A Cloud Migration Story
By Scott Murphy
VP Strategic Business Development, Data Perceptions Inc.
Published April 17, 2019
Deck: Collaboration tools can simplify operations, improve calendar timeframes, and reduce costs.
I spent time working while on planes, trains, automobiles, client sites, airports, and coffee shops. I was always challenged to stay connected with other members of our team. Phone calls, remote access, Skype, file shares, and a plethora of other tools were used to keep track of things and to share information with one another.
For the last 20 years, I have been part of a boutique consulting firm and the last two years have seen dramatic changes. We had an office, but the objective was never to be there – as a consultant, your objective was to be at a client site, to be chargeable.
Headaches of the Past
We had email in the Office 365 cloud and some basic replication capabilities with OneDrive, but that was not scalable, nor collaborative. Collaboration was never easy and rarely authentic.
In 2017, we started looking at procuring better collaboration tools. We investigated several tools including Microsoft Teams (release March 2017), but they only had pieces of the solution we were looking for.

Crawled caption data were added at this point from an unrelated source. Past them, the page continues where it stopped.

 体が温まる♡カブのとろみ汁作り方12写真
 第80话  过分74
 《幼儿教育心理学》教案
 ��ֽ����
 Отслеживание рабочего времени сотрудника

We replaced more expensive video conferencing with Skype for Business Online, for some decent video conferencing capabilities, and added cloud-based UC from another third-party provider to improve our access to voice communications. This was better than what we started with, but not yet the solution we needed – too many point tools and not enough integration or workflow.
Second Phase: A Deeper Look
In the summer of 2018, we took a deeper look at Microsoft Teams again, including its roadmap in our evaluations.

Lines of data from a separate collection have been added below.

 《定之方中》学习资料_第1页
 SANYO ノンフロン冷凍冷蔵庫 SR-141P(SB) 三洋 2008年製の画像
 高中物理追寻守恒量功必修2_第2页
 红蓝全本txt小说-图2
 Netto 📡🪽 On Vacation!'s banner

Skeptically, a few of us jumped in on a proof of concept (PoC). We pulled document management, chat, and video conferencing into one application, all in the cloud with no remote access hassles. It was better, and we could start to see that the roadmap was headed in the right direction.
The rest of our team jumped in and started using Teams for internal and client projects. Consultants could collaborate on documents, chat or have ad-hoc video calls to meet and discuss various topics, and keep all files in one place with easier ability to share -- all in real time, from anywhere they could get an Internet connection. Suddenly, we did not have to be in the office but we still felt like a tightly integrated team.
We adjusted our workflow and started to see that the we could accomplish our goal of having no dependency on the brick and mortar office. We added a cloud-based CRM into the mix, which allowed us to track project status as well as opportunities. We embedded the interface right into Teams so everything was in one place.
Being in the IT consulting space, security was high on our requirements list. We added Azure Active Directory (AAD) with multi factor authentication (MFA) to the Office 365 and Teams environment to significantly improve the security of the cloud and eliminate the need for onsite authentication servers.
We extended AAD authentication to our other cloud applications that we were using to simplify authentication and further improve security. As part of this process, we started to better manage device and application security using Microsoft Intune and mobile device management (MDM) with AAD.
Evolving in the Cloud
In the fall of 2018, guest user access to teams was added. For our consulting business, this might have been the single most important feature that was missing. Now we could start to collaborate easily with clients, subcontractors, and business partners in a secure and collaborative fashion.
Our accounting system was the last thing that we had onsite. We looked at our workflow and tried a variety of demos, but wound up adding a cloud-based accounting system with integrated timesheets to finish our cloud migration. In the near future, we will be embedding the timesheet capability within the Teams interface.
Most recently, we moved our phone numbers from the third-party cloud UC provider to Teams, adding voice calls to Teams when dial plans were made available in Canada, where we’re based. This enabled cost-effective, high-definition voice and better integration with our other workflows. It's not perfect, but having everything integrated into one application simplifies working from just about anywhere.
What’s on our roadmap to further improve our collaboration? The Microsoft Office 365 platform has many tools and applications that we’re evaluating how we might be able to take advantage.
We have started to build workflow applications to work with Teams using Microsoft Flow, PowerApp, and PowerBI to streamline some of our consulting methodologies, including our IT Security and Operations Scorecard. We will be looking at some of the other application integrations and project templates available in Teams to further improve consulting operations. We will also continue to improve the security of our operations using the ever-expanding Azure platform tools – including security issues detection and response capabilities.
Our journey was rocky and involved some significant trial and error. We were often left waiting for roadmap features to do things we wanted to accomplish now. Our experience was not unique; lots of organizations have gone down this path over the last three years. But as a boutique consulting firm, we can now work anywhere and have access to all of our data and applications. More importantly, we can collaborate as if were all in one office, which feels like a win to me. This experience has also added a new area of expertise to our firm, as we are helping our clients manage their similar cloud journeys.
Going through this process has simplified collaboration through application consolidation that includes communications, telephony, video, chat, document management, workflow, and
application integration with many SaaS tools. The end result has been faster and higher quality collaboration. The resulting simplification has improved (shortened) calendar timeframes for team work and reduced overall costs.